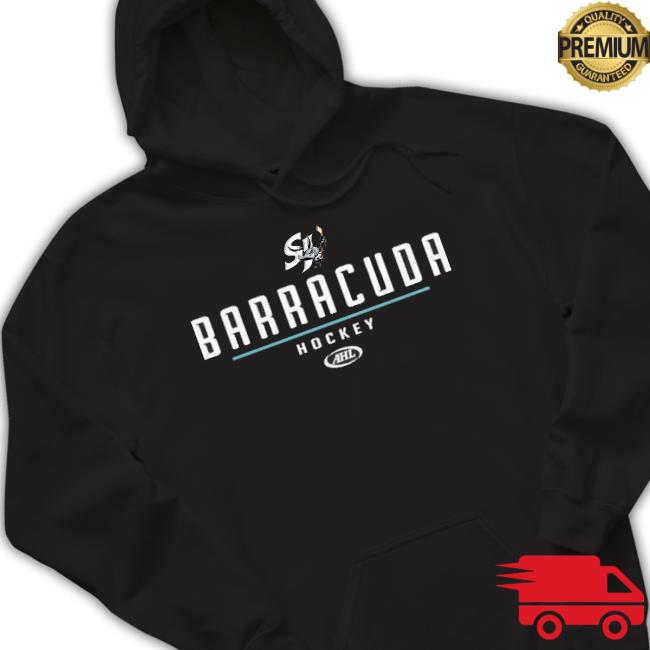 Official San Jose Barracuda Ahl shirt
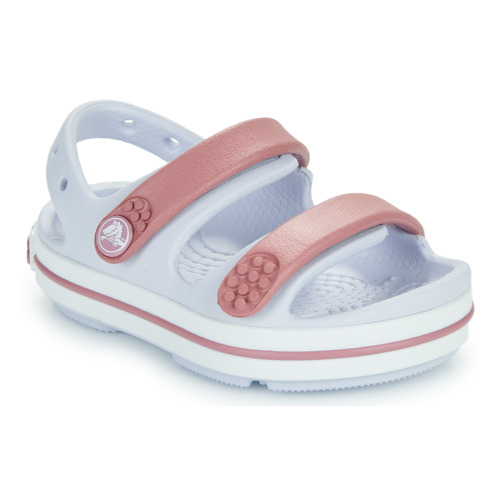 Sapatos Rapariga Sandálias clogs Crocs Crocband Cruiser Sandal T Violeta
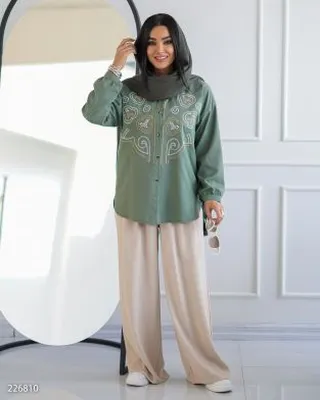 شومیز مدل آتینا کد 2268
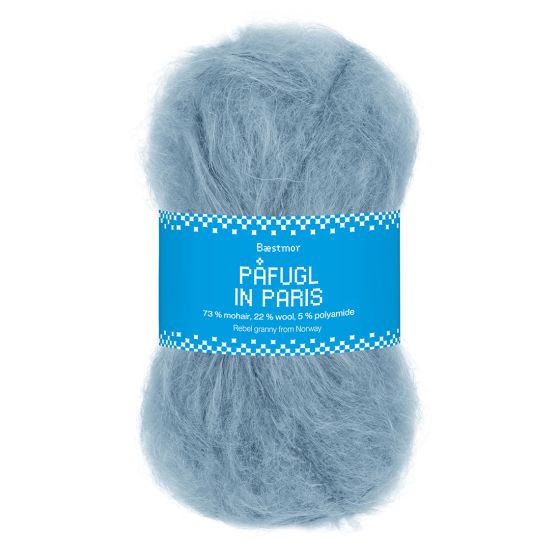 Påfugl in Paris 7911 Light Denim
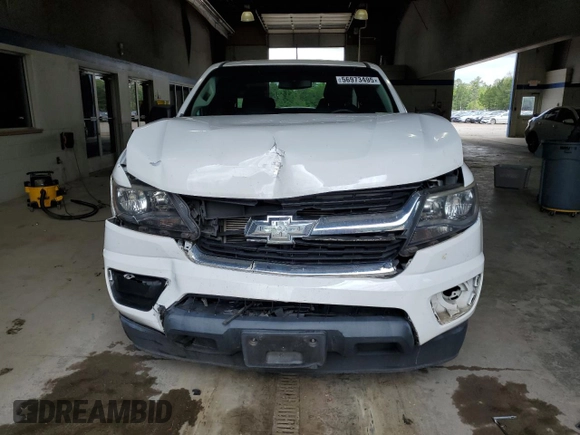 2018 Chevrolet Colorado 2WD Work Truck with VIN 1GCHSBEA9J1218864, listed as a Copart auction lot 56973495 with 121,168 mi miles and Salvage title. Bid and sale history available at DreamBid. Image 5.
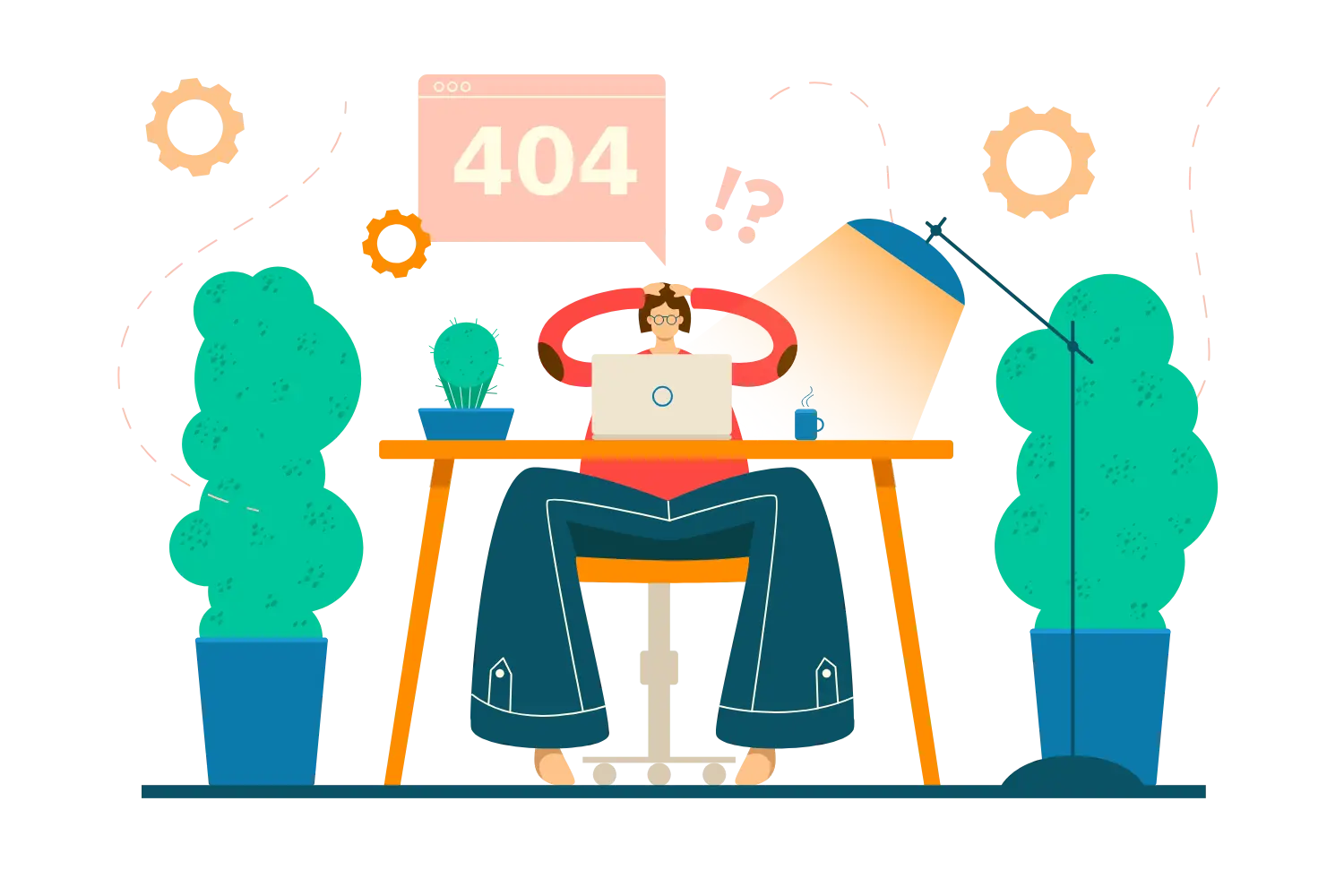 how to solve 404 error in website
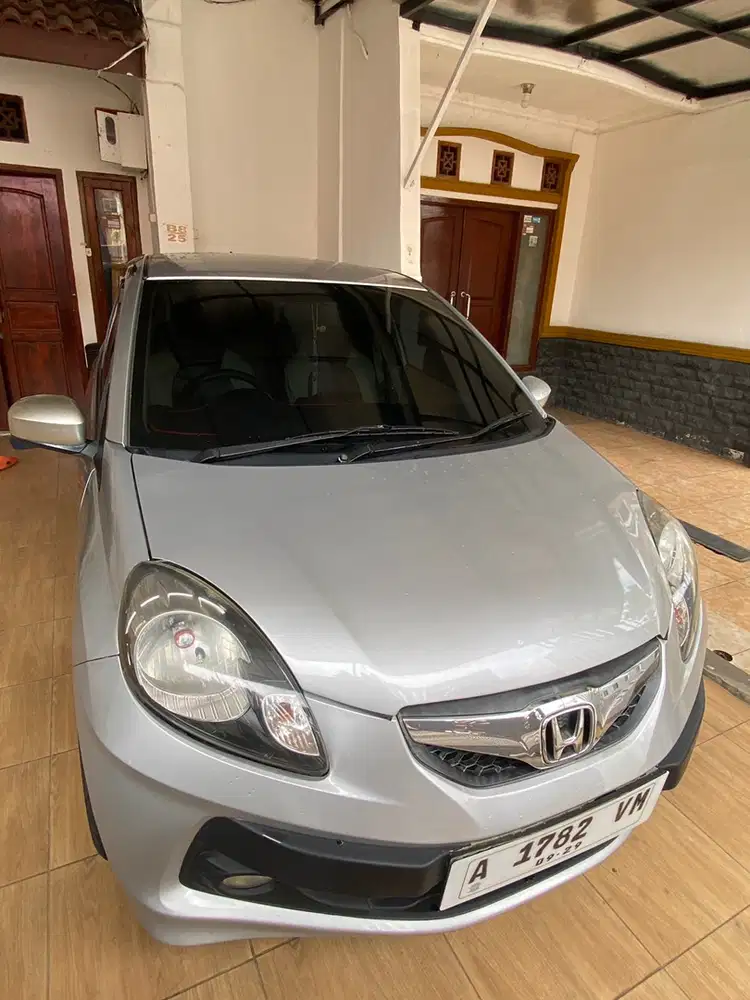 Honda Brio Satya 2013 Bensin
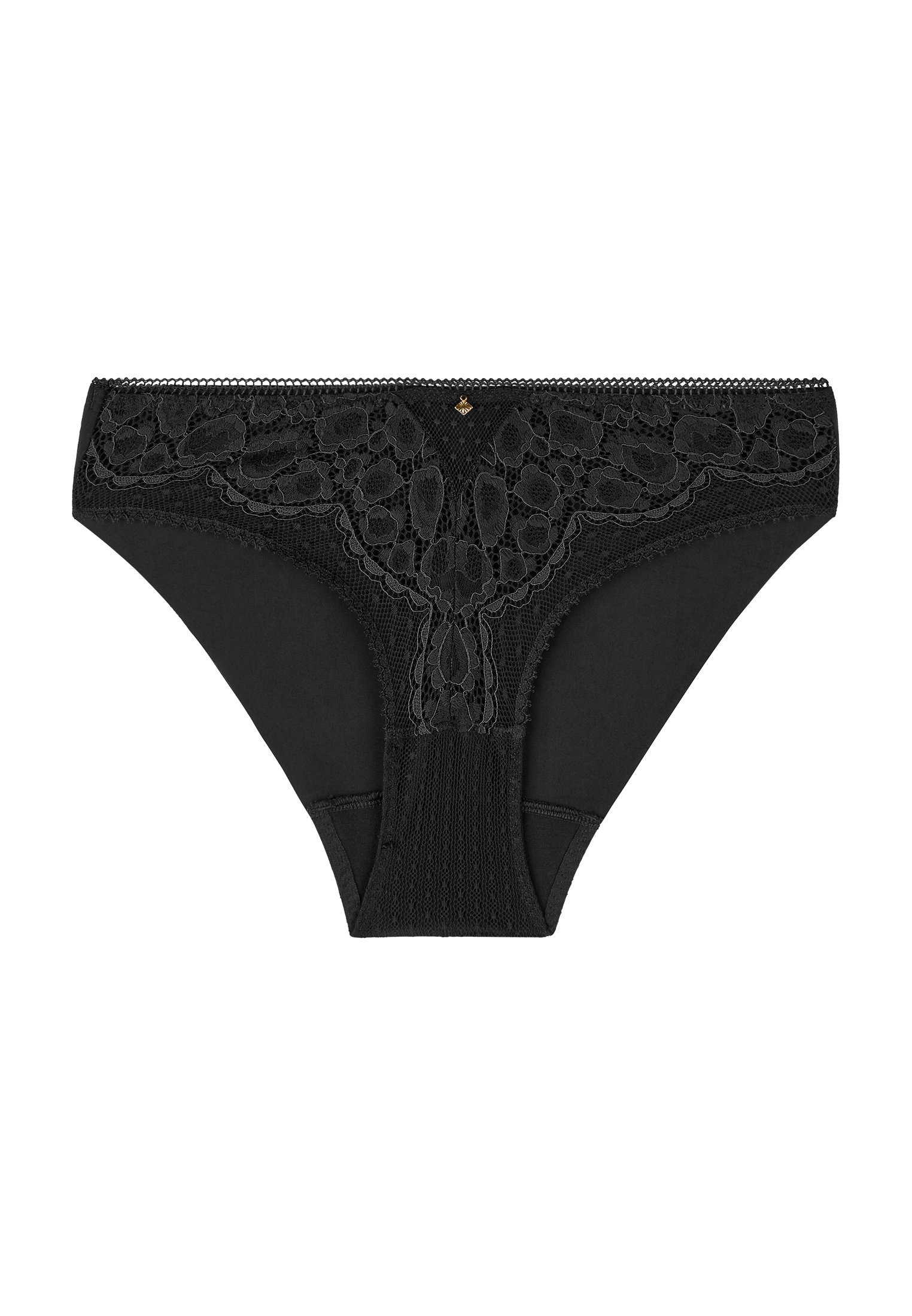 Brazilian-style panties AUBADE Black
◆ ◆ ◆
# [What you have to do]
If a record above holds a picture, leave the picture out and write out everything else exactly.

# [Problem solution]
 Official San Jose Barracuda Ahl shirt
 Sapatos Rapariga Sandálias clogs Crocs Crocband Cruiser Sandal T Violeta
 شومیز مدل آتینا کد 2268
 Påfugl in Paris 7911 Light Denim
 2018 Chevrolet Colorado 2WD Work Truck with VIN 1GCHSBEA9J1218864, listed as a Copart auction lot 56973495 with 121,168 mi miles and Salvage title. Bid and sale history available at DreamBid. Image 5.
 how to solve 404 error in website
 Honda Brio Satya 2013 Bensin
 Brazilian-style panties AUBADE Black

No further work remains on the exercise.